Prints an item to the printer using the proper formatter.

This method is abstract because subclasses should decide how to handle the case when a formatter was not found (i.e., when self.get_formatter returns None).

property root: Formatter[T]

Returns the root formatter.

sub_format_types: Sequence[Type[Formatter[T]]] = ()

A list of formatter types that should be used as sub-formatters in the Formatting Protocol.

sub_formatters: List[Formatter[T]] = []

The list of instantiated formatters corresponding to Formatter.sub_format_types.

This list is automatically populated by Formatter.__new__() and should never be manually modified.

FormatterChecker

class graphtage.formatter.FormatterChecker(name, bases, namespace, **kwargs)

Bases: ABCMeta

The metaclass for Formatter.

For every class that subclasses Formatter, if Formatter.is_partial is False (the default) and if the class is not abstract, then an instance of that class is automatically constructed and added to the global list of formatters.
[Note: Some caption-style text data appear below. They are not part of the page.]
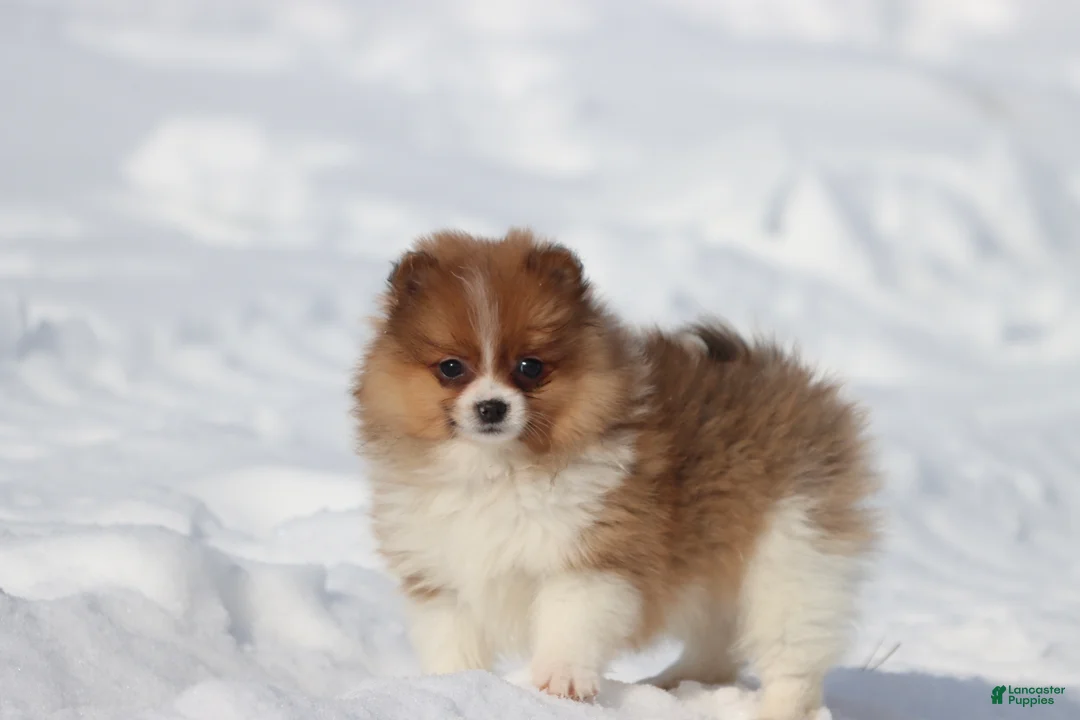 Pomeranian dogs for sale: Pretty Boy - Ad 1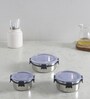 Clear Lock Series Regular Stainless Steel (Set of 3 ) Airtight Container with Leak Proof lid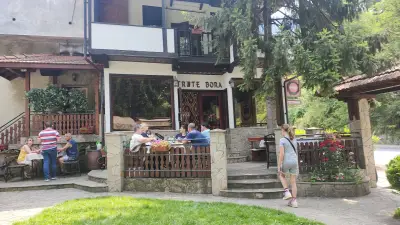 "Трите бора"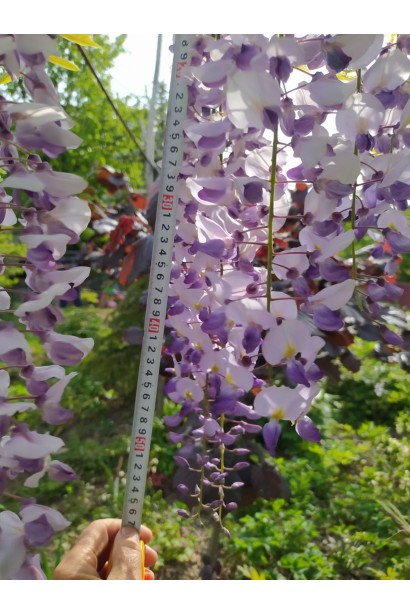 Выстерия на арке с кистями более 80 см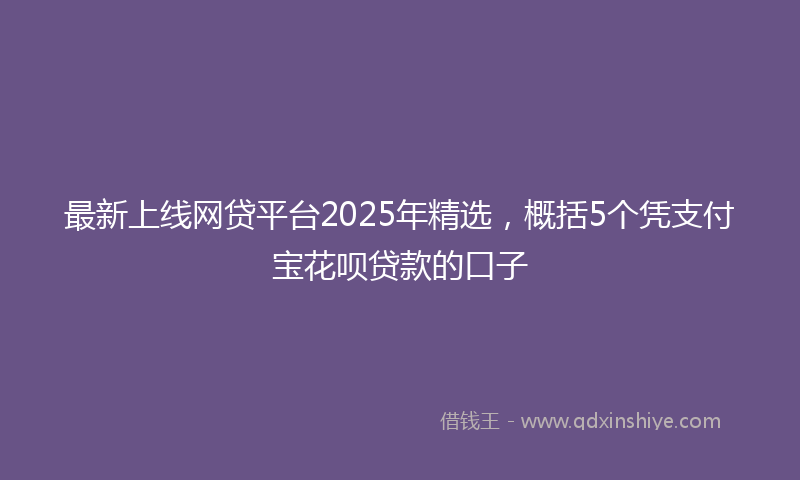 最新上线网贷平台2025年精选，概括5个凭支付宝花呗贷款的口子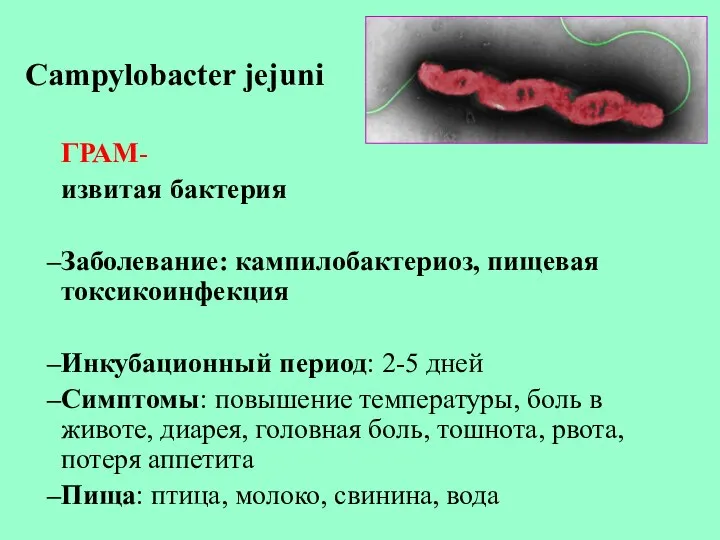 Campylobacter jejuni ГРАМ- извитая бактерия Заболевание: кампилобактериоз, пищевая токсикоинфекция Инкубационный период: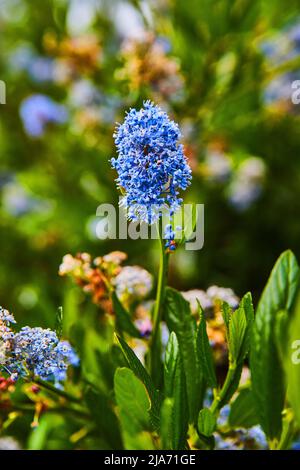 Particolare di fiori blu che fioriscono nella primavera di picco Foto Stock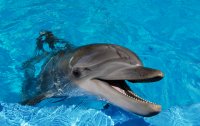 В Керченском проливе увеличилась популяция дельфинов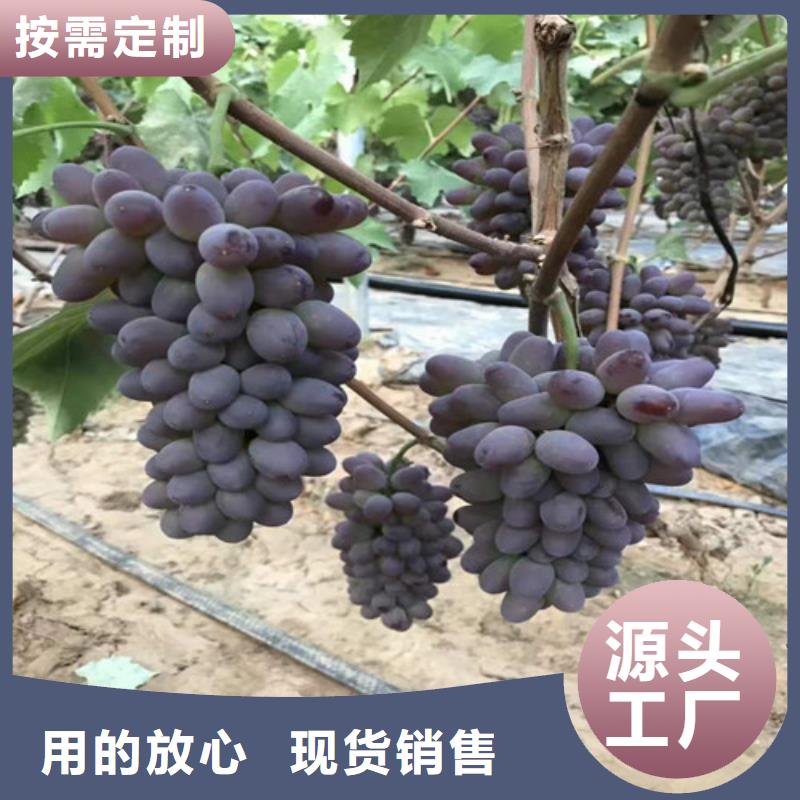 无锡黑芭拉多葡萄树苗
This same automatically constructed instance will be assigned to the Formatter.DEFAULT_INSTANCE attribute.

All methods of the subclass that begin with “print_” will be verified insofar as it is possible.

__init__(name, bases, clsdict)

Initializes the formatter checker.

Raises:

TypeError – If cls defines a method starting with “print” that has a keyword argument printer with a type hint that is not a subclass of graphtage.printer.Printer.

__instancecheck__(instance)

Override for isinstance(instance, cls).

__subclasscheck__(subclass)

Override for issubclass(subclass, cls).

_abc_caches_clear()

Clear the caches (for debugging or testing).

_abc_registry_clear()

Clear the registry (for debugging or testing).

_dump_registry(file=None)

Debug helper to print the ABC registry.

mro()

Return a type’s method resolution order.

register(subclass)

Register a virtual subclass of an ABC.

Returns the subclass, to allow usage as a class decorator.

formatter functions

get_formatter

graphtage.formatter.get_formatter(node_type: Type[T], base_formatter: Formatter | None = None) Callable[[Printer, T], Any] | None

Uses the Formatting Protocol to determine the correct formatter for a given type.

See this section for a number of examples.

Parameters:
  • node_type – The type of the object to be formatted.

  • base_formatter – An existing formatter from which the request is being made. This will affect the formatter resolution according to the Formatting Protocol.

Returns: The formatter for object type node_type, or None if none was found.